Wyatt opened her shop at 7 Torwood Row, Torquay selling corals, dried seaweeds, mosses, and other seaside souvenirs. This helped to support her and her husband, who was a "permanent invalid". According to Bea Howe, it was at the suggestion of botanist William Henry Harvey that Wyatt began to prepare a named collection of seaweeds, supervised by Griffiths. Ultimately, Wyatt produced five volumes of mounted specimens of Devon marine algae titled Algae Danmonienses, published between 1833 and 1841. Each volume contained approximately 50 different species, and the supplement included examples from Cornwall, as well as from Devonshire: a further 36 species. Each specimen was named and numbered according William Jackson Hooker's British Flora, and other works on British algae, with a short description of the habitat and locality where the seaweed is found, and an indication of its rarity. These sold well, contributing to the popularity of seaweed collecting at seaside resorts in early Victorian Britain. The Journal of Botany called them "remarkable".
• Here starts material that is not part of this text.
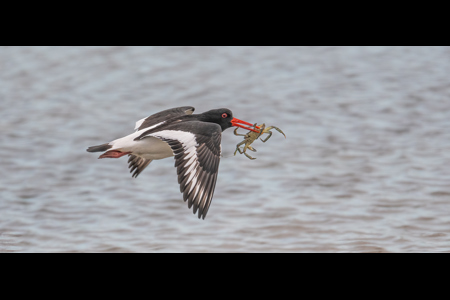 Oystercatcher With Green Crab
Algae Danmonienses: or dried specimens of Marine Plants, principally collected in Devonshire by Mary Wyatt; carefully named according to Dr. Hooker's British Flora' was described as "a most important work... composed of specimens of 234 species, beautifully dried and correctly named... Nature’s own pencil illustrating herself". William Henry Harvey went on to refer readers to Wyatt's work on the publication of his own (unillustrated) Manual of the British Algae (1841), urging them to consider his work a “companion” to Algae Danmonienses. Wyatt also corresponded with other naturalists, including Lewis Weston Dillwyn, to whom she sent specimens for identification.

== Death and legacy ==
Mary Wyatt died in 1871, aged 82.

The Royal Botanic Garden Edinburgh holds collections gathered by Wyatt between 1833 and 1840. The work of Wyatt and Griffiths, 'an active collaboration, as they scrambled across rocky shores in cumbersome skirts, compared notes and exchanged specimens in real time', has been explored by Frankie Dytor as part of 'Out and About: Queering the Museum': a National Lottery Heritage-funded project focused on uncovering and celebrating LGBTQ+ heritage among the collections of the Royal Albert Memorial Museum and Art Gallery (RAMM) in Exeter.